It’s been nearly a week since the 59th annual Grammy Awards aired and people are still very much up-in-arms over a number of infamous moments from the telecast.
After Adele‘s historic sweep of the Album, Song, and Record of the Year categories, conversation erupted about how few times people of color have won the ceremony’s top honor over its 59 year history.
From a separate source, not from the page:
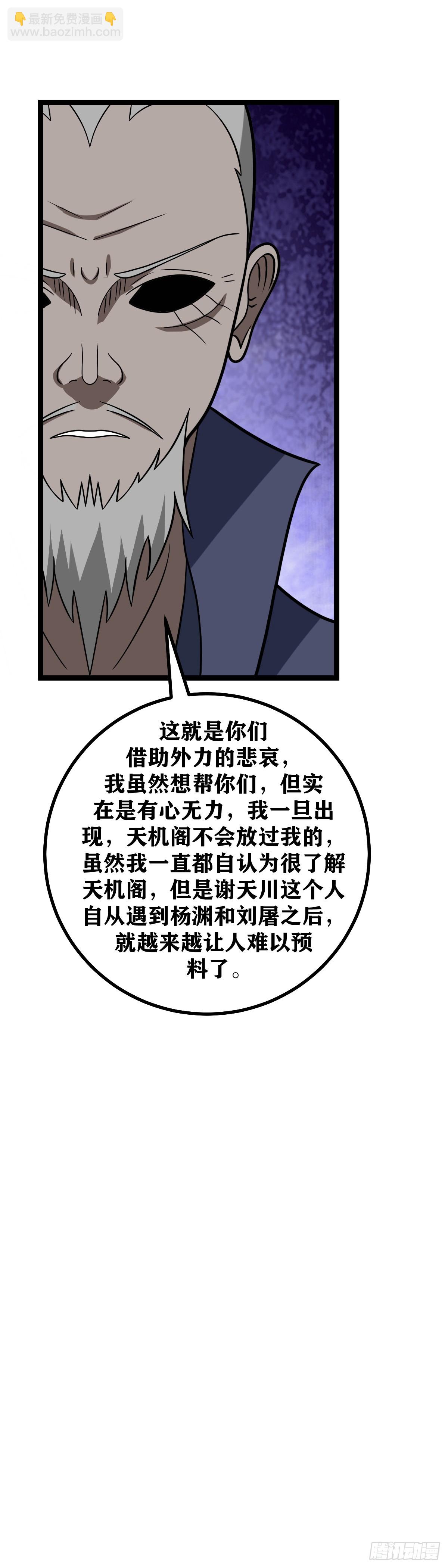 🍘我在异界当教父 634-你是不是想的太远了 第15页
This added to the fact this year’s most nominated acts – Beyonce, Rihanna, Drake, Kanye West, and Chance the Rapper – mostly walked away with minor awards (if any awards at all).
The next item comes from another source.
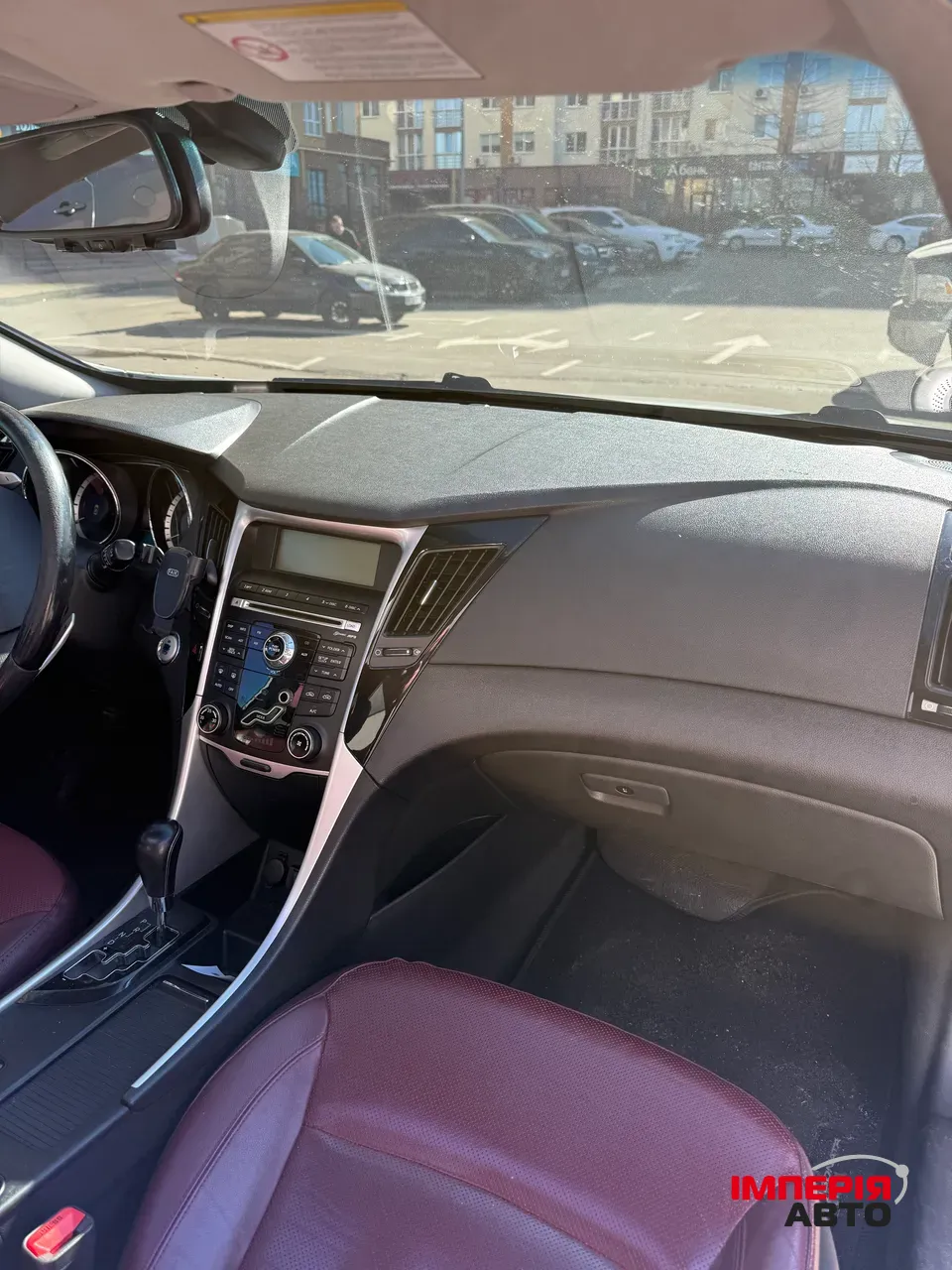 Hyundai Sonata - фото 12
As if that wasn’t enough, there were a number of sound snafus and technical mixups over the show including Metallica lead singer’s, James Hetfield, mic being completely off during a portion of the group’s performance with Lady Gaga and a picture of gospel singer Cece Winans being displayed behind a caption that read “Shirley Caesar.“
Tuck in below to read the Recording Academy’s response to all the hoopla:
On claims of racism [quote by Recording Academy president Neil Portnow]:
“It’s more about personal taste, so it’s hard for me to criticize when we see no basis that [the results] are about anything other than music, and certainly not race” — Portnow does concede that while “we’ve come a long way as an organization, we’re certainly not complacent or satisfied with where we are — but we also need the participation of the communities to do more. That’s how democracy works.”
“[Some of] the comments I’ve seen come from not understanding at all how this works,” says Portnow. “It’s one thing to be a critic, and another to join and vote and be part of the change that you want to see.”
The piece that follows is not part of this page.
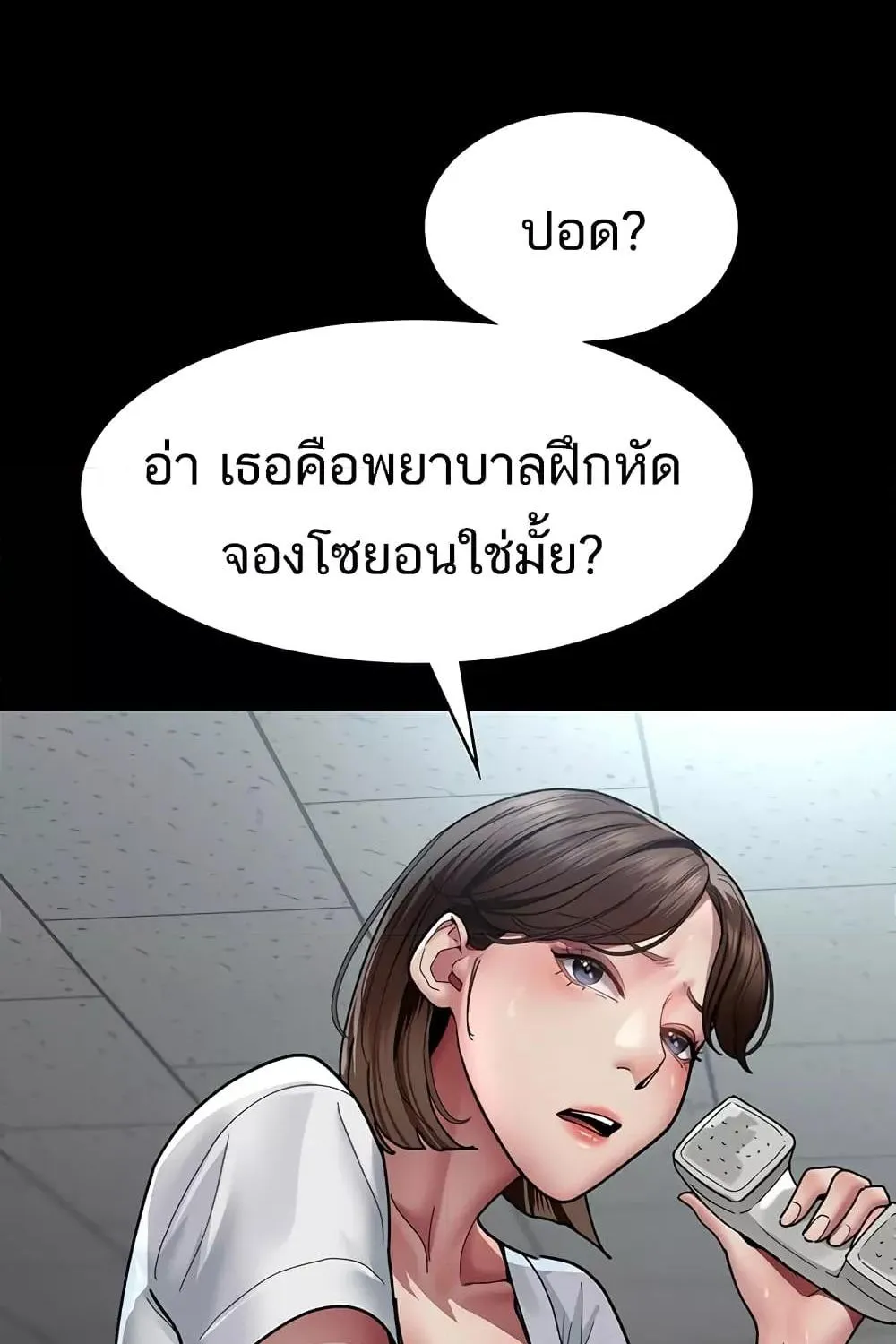 Night Hospital - หน้า 81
“I understand that people might feel left out,” says Portnow. “But it’s really simple: Participate and vote, and then you’re part of the conversation. Not only do we encourage and welcome that,” he concludes, “we need it.”
On technical mixups [quote by Ken Ehrlich, Grammy producer]:
“These kinds of things are horrible when they happen,” Ken Ehrlich said in an interview with The Associated Press on Wednesday. “That’s one of the risks of live television.”
“Obviously, we apologize to the band [Metallica],” Ehrlich said, calling the mishap “awful.”
“We obviously want to apologize to Shirley Caesar,” he said. “It’s unfortunate that happened.”